How To Cook Carrot Tartare
How To Cook Carrot Tartare

Ingredients


This dish treats carrots like they are ground meat, with all the classical garnishes for a tartare.

Start with very fresh carrots. Cut off the tops and bottoms and peel them. Then,
cut the carrots into smaller pieces and put them in a food processor. Pulse the
carrots until they are uniform and fairly small (think ground beef).

In a bowl, combine the classic garnishes for a steak tartare: egg yolk (pasteurized, because the egg will be consumed raw), Dijon mustard, anchovies, finely minced shallot, diced capers, and diced cornichon. Mix well. Add lemon juice, Worcestershire sauce, and olive oil.

Add carrots to the dressing and stir everything together. Taste for flavor and add salt and pepperand more olive oil, if necessary.

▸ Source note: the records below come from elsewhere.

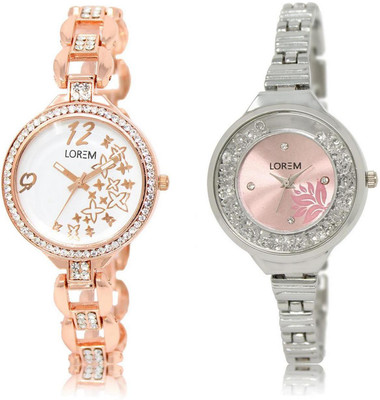 

LOREM FZ-210-226 COMBO Pink & White Round Girl's Metal Bracelet Watch - For Women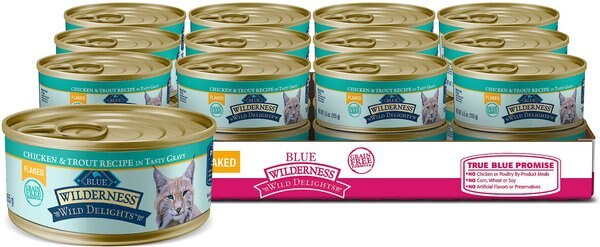 Blue Buffalo Wilderness Wild Delights Flaked Chicken and Trout Grain-Free Canned Cat Food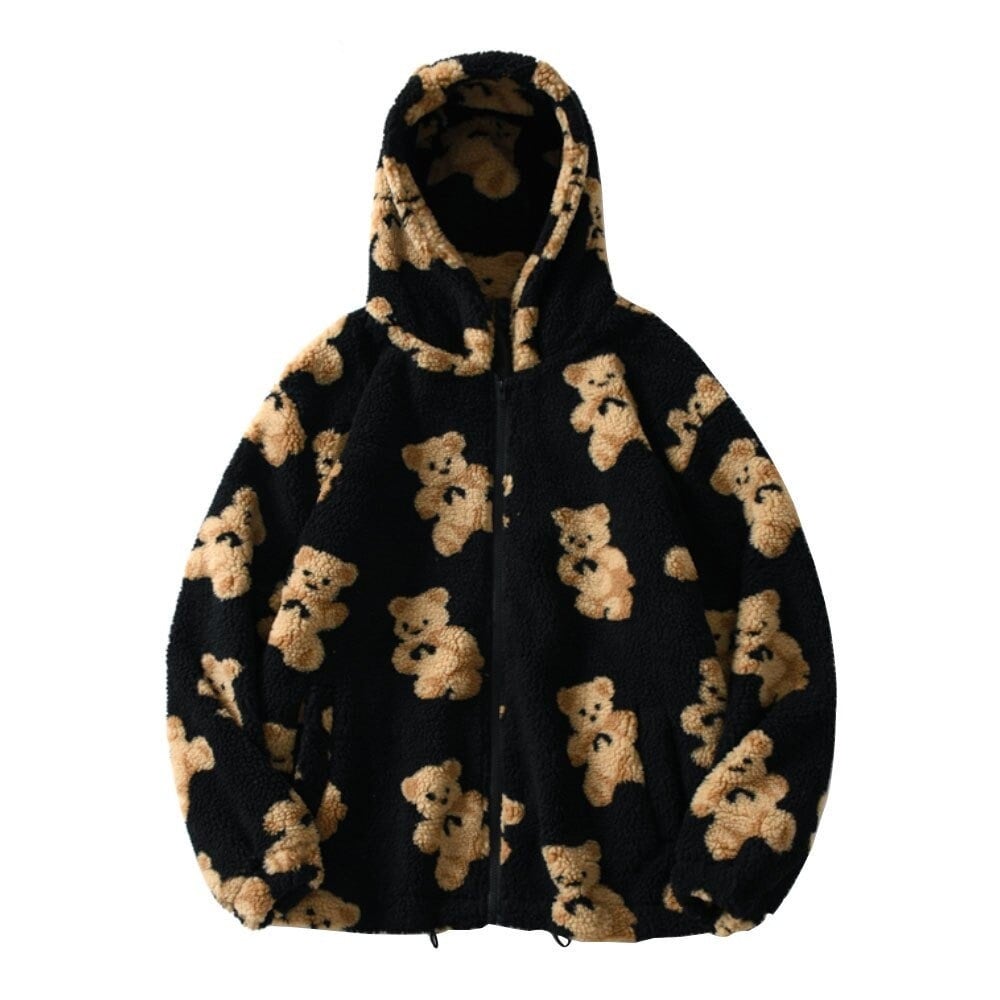 Oversized Harajuku Streetwear Zip up Teddy Bear Hoodie, Harajuku Clothing,  Korean Fashion, Kawaii Hoodie, Unisex -  Sweden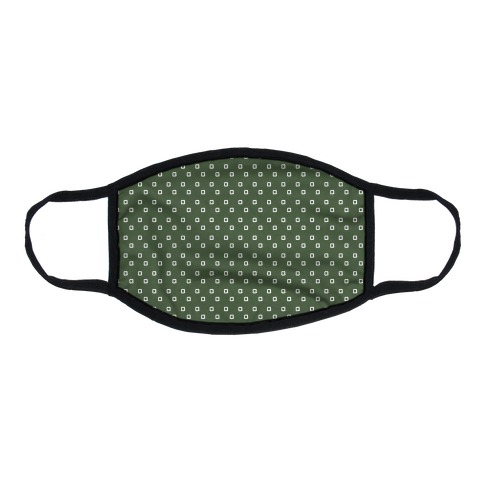 Dainty Squares Pattern Chive Green Flat Face Mask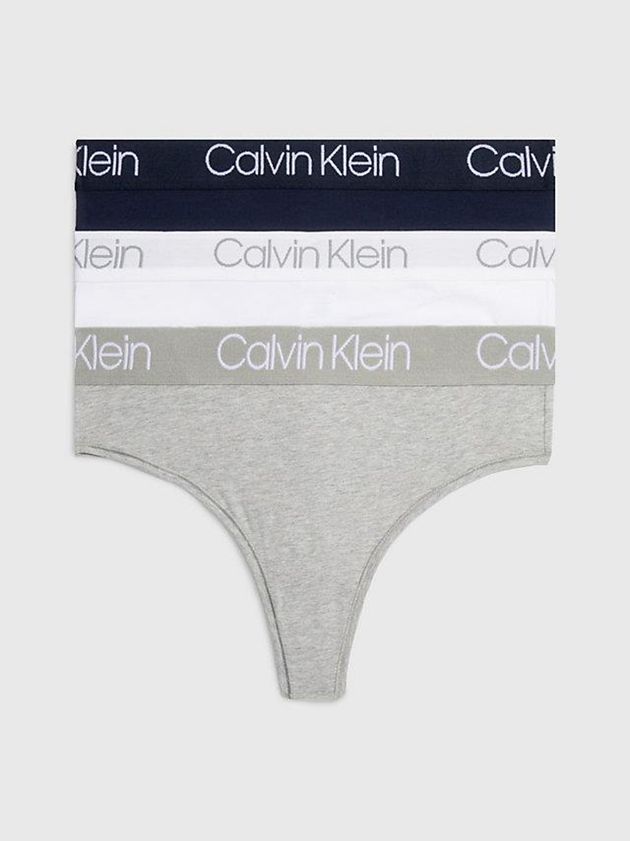 Grey Calvin Klein 3 Pack High Waisted - Body Women Thong | VQTB-21305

The first layer of the tartare is avocado. Dice the avocado, adding lemon juice to keep it from discoloring. Add salt and pepper to season it.

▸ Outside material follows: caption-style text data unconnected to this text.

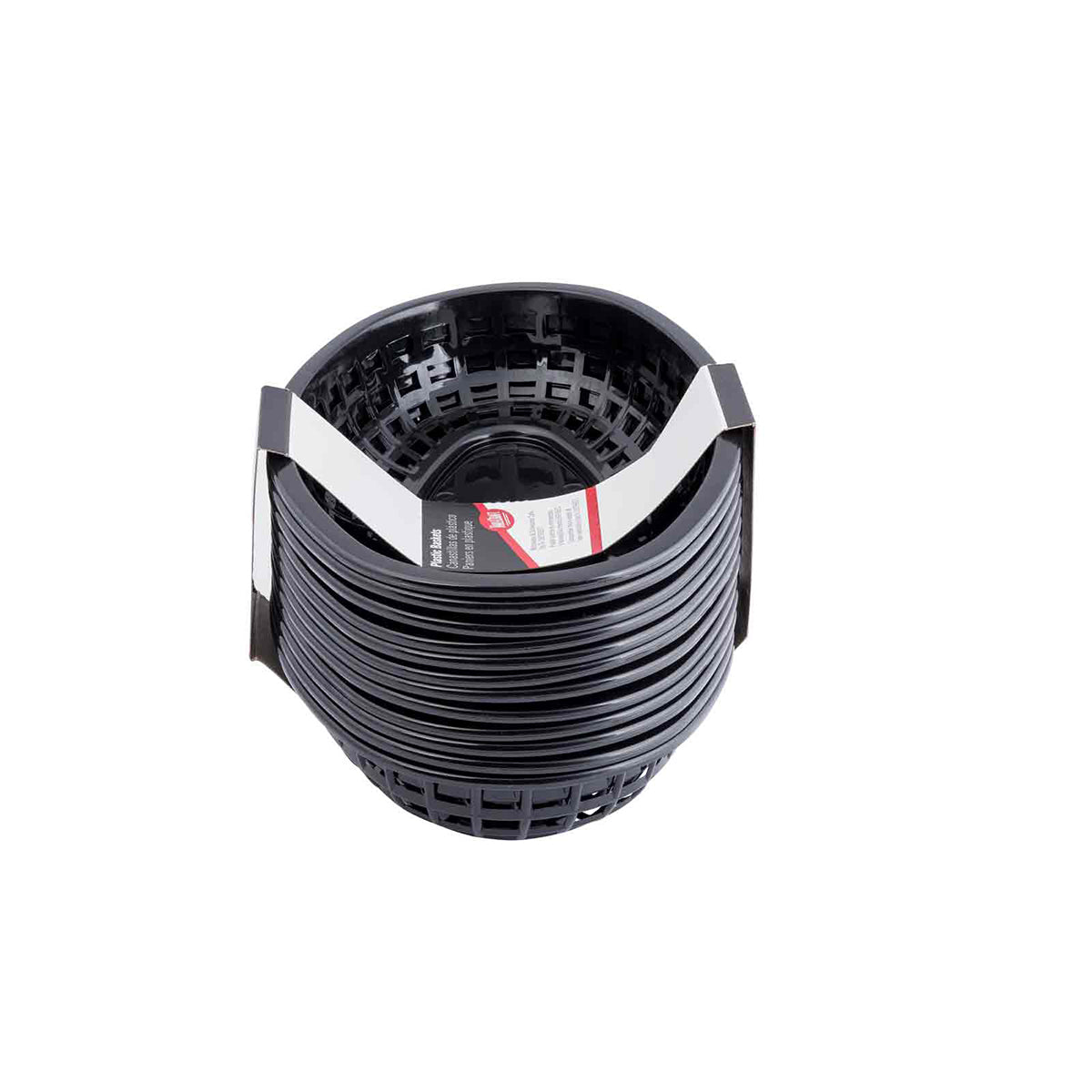 Canastilla Oval de Plástico Negro de 24x15x5 cm 12 piezas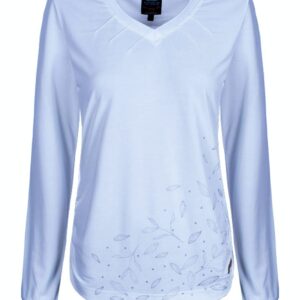 Sportlich-elegant und samtig auf der Haut - dieses Langarm-Shirt von Soquesto überzeugt durch Qualität und Design. Ein lässiger Schnitt und ein dezentes Floralmuster in silber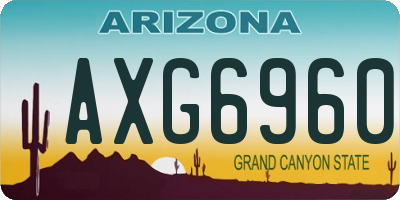 AZ license plate AXG6960
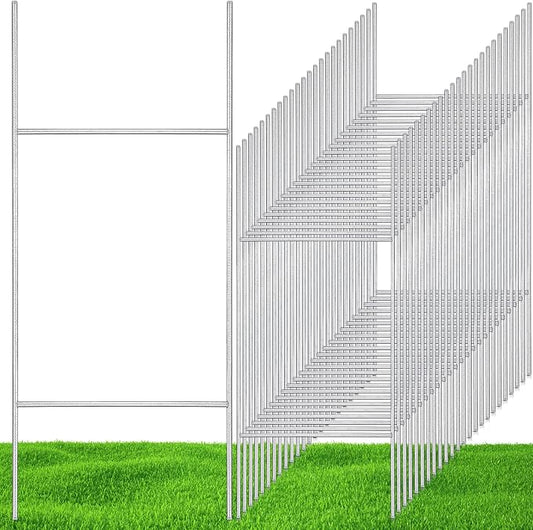 60 Pcs H Stakes for Yard Signs 30'' x 10'' Metal Heavy Duty H Frame Wire Stakes Weatherproof Metal Holder for 4mm 5mm Corrugated Signs Advertising Board Guidepost Yard Halloween Decor-CasaMuseHome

Spoon the avocado into the bottom of a ring mold and use a fork to press it down into a uniform layer. Then, add the carrot tartare in a layer on top. Again, press it down so that its uniform. Lift the ring mold to reveal the circularly stacked avocado and carrot tartare.

Briefly fry the tops of the carrots in 350-degree oil until theyre crispy (when the bubbling subsides). Drain the carrot tops on a paper towel.

On top of the tartare, add microgreens, such as arugula. Also add the fried carrot tops. You can also use parsley as an optional garnish. Drizzle olive oil around the plate.